You don’t often read a full-throated defence of business regulation. Less often praise for European regulatory systems. Still less often calls for the EU to go further and faster on creating new rules. So here’s a triple surprise: an article from the FT’s outgoing Brussels correspondent, Stanley Pignal, that does all three. A representative extract:
European-level regulation is overwhelmingly favored by businesses. Their rationale is that even though EU regulations are sometimes cumbersome and onerous, it is inevitably better to have one set of rules applied to the bloc than 27 divergent regulations at national levels. This is true even if the standardized rules are more stringent than some of the local regulations being replaced.

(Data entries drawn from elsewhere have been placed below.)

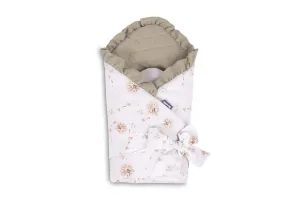 Scutece pentru descărcare de gestiune Muslin Bej Păpădii 75X75 Sensillo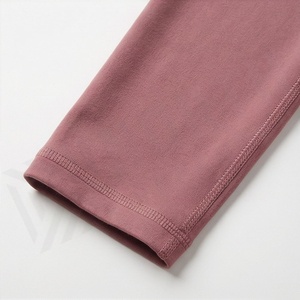 Ensemble de yoga sans couture pour femmes, vêtements de sport, cinq pièces, vêtements de gym, hauts d'entraînement, tenue de sport, vêtements athlétiques pour femmes - Product Image 6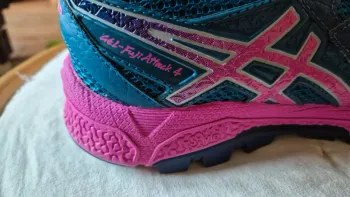 Brugt Asics Gel Fuji Attack 4 bike — billede 5 af 9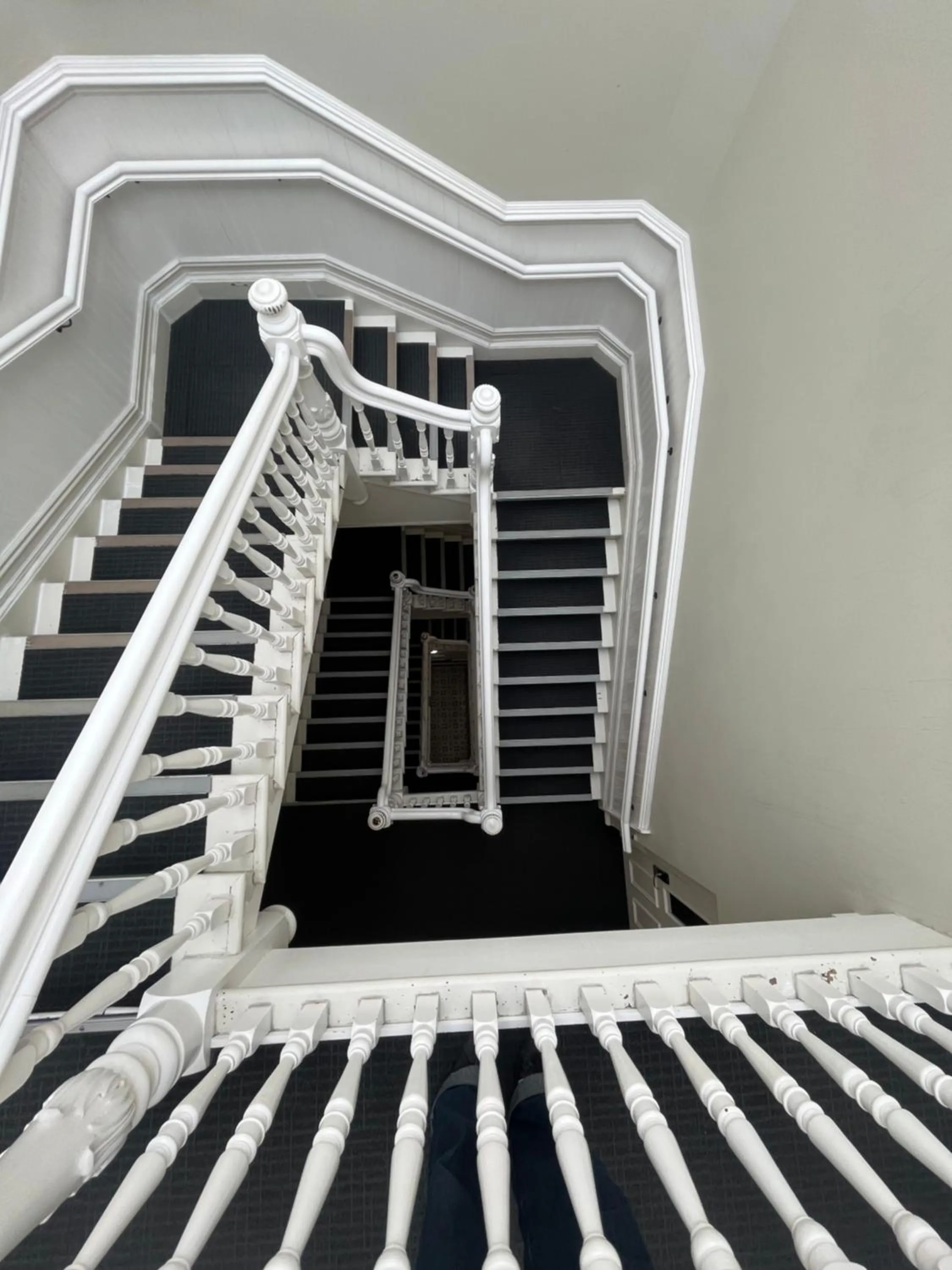 Property building in Nomads Capital Backpackers - Wellington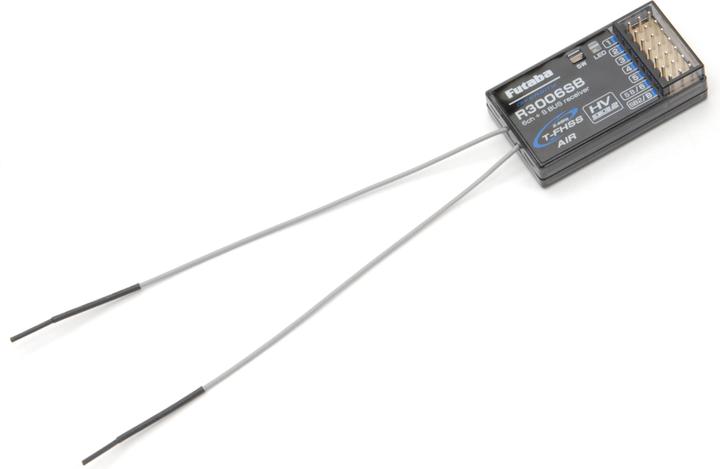 Actual product image Futaba R3006sb T-Fhss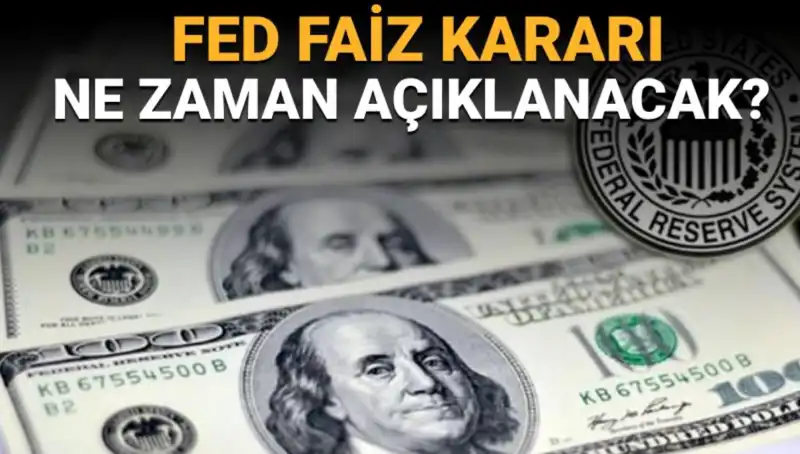 2023 FED Toplantı Takvimi: Faiz Kararları ve Beklentiler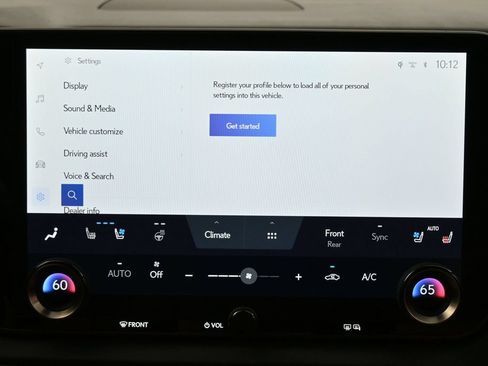 Used 2023 Lexus RX 350 Premium Plus w/ Accessory Package (K3) FWD image 12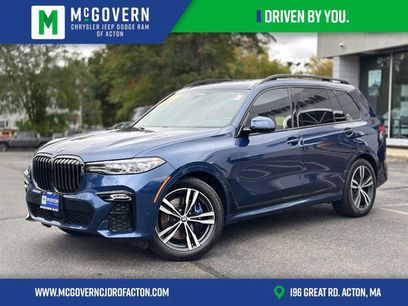 Used 2022 BMW X7 xDrive40i w/ M Sport Package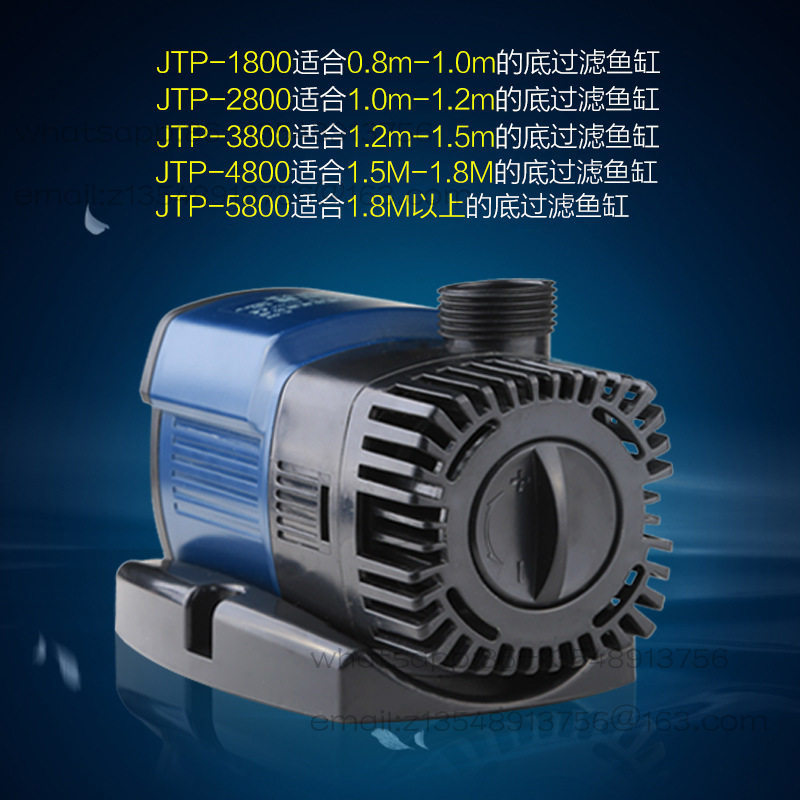 Factory direct sales JTP1800-5 - Aquarium Fish For Sale incelemesi ve fiyatı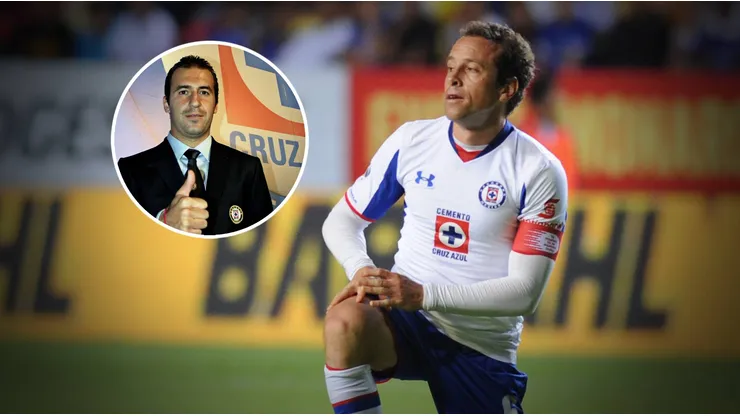 Joaquín Beltrán reveló el lado oculto de Torrado en Cruz Azul.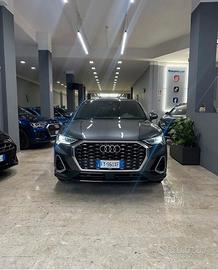 Audi Q3 SPB 35 TDI quattro S line edition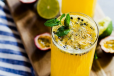 Passion Fruit Mojito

This requires a certain amount of sovereignty to be ceded by governments—or rather, the agreement by governments that each follows the same rules. Take driving licenses. Few doubt that it is desirable for licenses issued in any EU country to be recognized and accepted in any other member state. That only works if the requirements for issuing driving licenses are at least broadly similar. No EU country wants to have cars on its road driven by people who have not passed a test. But what if the Hungarian government wants to scrap all driving tests? It could, but it would have to leave the union. Conformity with the rules is the price to pay for the benefit of the single market.
National governments have wholeheartedly supported this process of European regulatory integration. Those who think that “unelected Eurocrats” are at the heart of all EU rule-making misunderstand the union’s politics. After all, it was national governments that endowed the European Commission, the EU’s executive arm, with the power to propose new regulations. But governments retain a large say over the crafting of EU laws. The EU Council, which must agree to all legislation, is made up of the 27 national governments, with voting rights allocated roughly in accordance to each country’s population. Depending on the dossier, the Council either has to agree unanimously or by hefty majority, which means in practice that larger member states exercise an effective veto.